Moïse soutenu par Aaron et Hour. John Everett Millais, 1871.
Huile sur toile, 141,3 x 194,7 cm. Manchester Art Museum (Wikipédia).
Haut les mains ! Moïse dans une position inconfortable
Bertrand Bucalossi-Rolin | 15 juin 2026
Les Amalécites lancent contre les fils d’Israël une razzia sur la route de l’espérance. L’épisode voit l’émergence de la figure de Josué, la levée d’une troupe d’hommes et la première victoire militaire d’Israël, dont la mémoire est célébrée. Mais le cœur de ce récit guerrier est une scène rocambolesque où, pour garantir la victoire, Moïse doit absolument maintenir les bras en l’air… toute la journée.
Lire : Exode 17, 8-15
Au cours de la traversée du désert, les Israélites sont attaqués par la tribu d’Amaleq. Cette confrontation, cette tentative de razzia sur la route de l’espérance, est fondatrice dans le récit biblique d’une opposition radicale avec les tribus amalécites, qui s’exprime par exemple en 1 Samuel 15 dans des termes difficiles à lire aujourd’hui puisqu’il y est question de massacres de tribus entières. On pourra s’interroger sur la part symbolique que contiennent ces récits.
Quoi qu’il en soit, Exode 17,8-15 contient la première mention d’une sélection d’hommes armés parmi les fils d’Israël, menés par Josué, qui serait constitutive de l’institution militaire [1]. Les versets 14 et 15 livrent deux précisions quant au lien entre cette institution militaire et la sphère religieuse. La troupe se rassemble autour de « l’étendard du Seigneur », objet de ralliement et d’invocation. Les livres d’Esaïe et Jérémie emploient abondamment le terme (par exemple en Esaïe 5,26 et Jérémie 4,6). Il est par ailleurs question d’un livre où le mémorial de ce combat doit être inscrit. Le lecteur pense alors au Livre des Guerres de Yhwh, un texte disparu mentionné en Nombres 21,14 [2].
Moïse, accompagné de Aaron et Hour, se tiennent sur un sommet pour jeter des imprécations contre la troupe ennemie. Dans le livre des Nombres, le prophète Balaam est sollicité pour faire de même contre les fils d’Israël (Nombres 22-24).
Mais le Dieu de Moïse semble bien taquin. En effet, la victoire est assurée lorsque Moïse lève les mains au ciel, mais dès qu’il les baisse, les Amalécites l’emportent.
La panique s’installe au fur et à mesure que Moïse fatigue.
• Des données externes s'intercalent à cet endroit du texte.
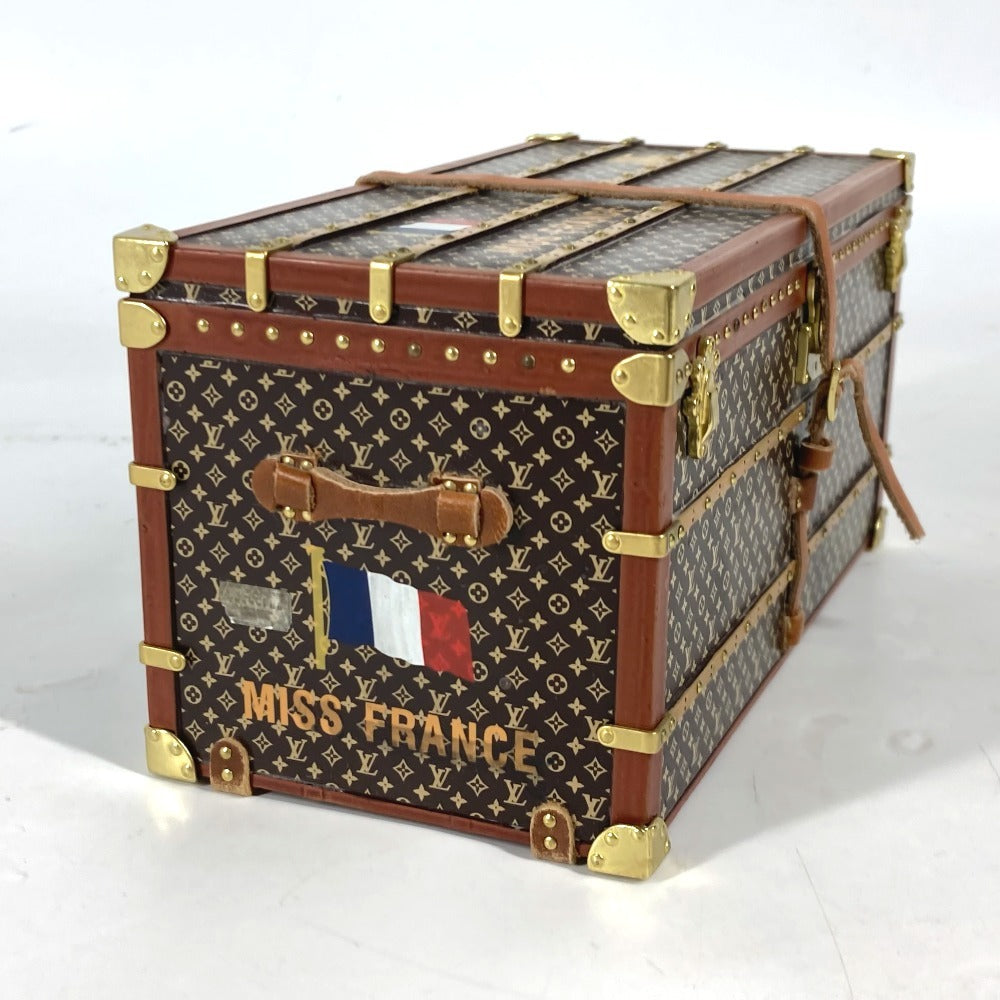 LOUIS VUITTON  M99408  モノグラム ノベルティ ミス フランス トランク オブジェ ペーパーウェイト 文鎮 オブジェ レザー ユニセックス ブラウン - brandshop-reference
En toute hâte, ses acolytes, Aaron et Hour, le font s’assoir sur une pierre, puis l’un lui soutient le bras droit en l’air quand l’autre lui maintient le bras gauche, pour tenir jusqu’au soir. La scène avait de quoi faire rire jusque dans les rangs des Amalécites.
Ce comique de situation contraste avec le sérieux de la conclusion du récit, insistant sur l’inscription dans l’histoire de la mémoire de ce haut-fait.
Il semble délicat de vouloir à tout prix coller une signification théologique à ce récit. En le lisant de manière littérale, on comprend que la fortune des fils d’Israël ne dépendrait que de la bonne réalisation d’une gestuelle magique effectuée par Moïse, et pas du tout de la volonté du Seigneur.
Le récit semble plutôt emprunté à un fonds légendaire populaire. La mention au verset 12 d’une pierre sur laquelle Moïse se serait assis en hâte rappelle les récits populaires construits autour d’une formation rocheuse pittoresque ou d’un mégalithe, devenue le siège de tel héros.
La liberté de ton des récits populaires permet ici d’exprimer l’importance, jusque dans les situations les plus critiques ou les plus grotesques, du soutien d’Aaron et de Hour pour que Moïse puisse mener à bien sa mission d’intercession.
Bertrand Bucalossi-Rolin est membre associé de l’unité de recherche Théologie catholique et sciences religieuses de l’Université de Strasbourg.
[1] R. de Vaux, Les institutions de l’Ancien Testament II, Paris, Cerf, 1991.
[2]
J. Durham, Exodus, WBC, Waco, Word books publisher, 1987.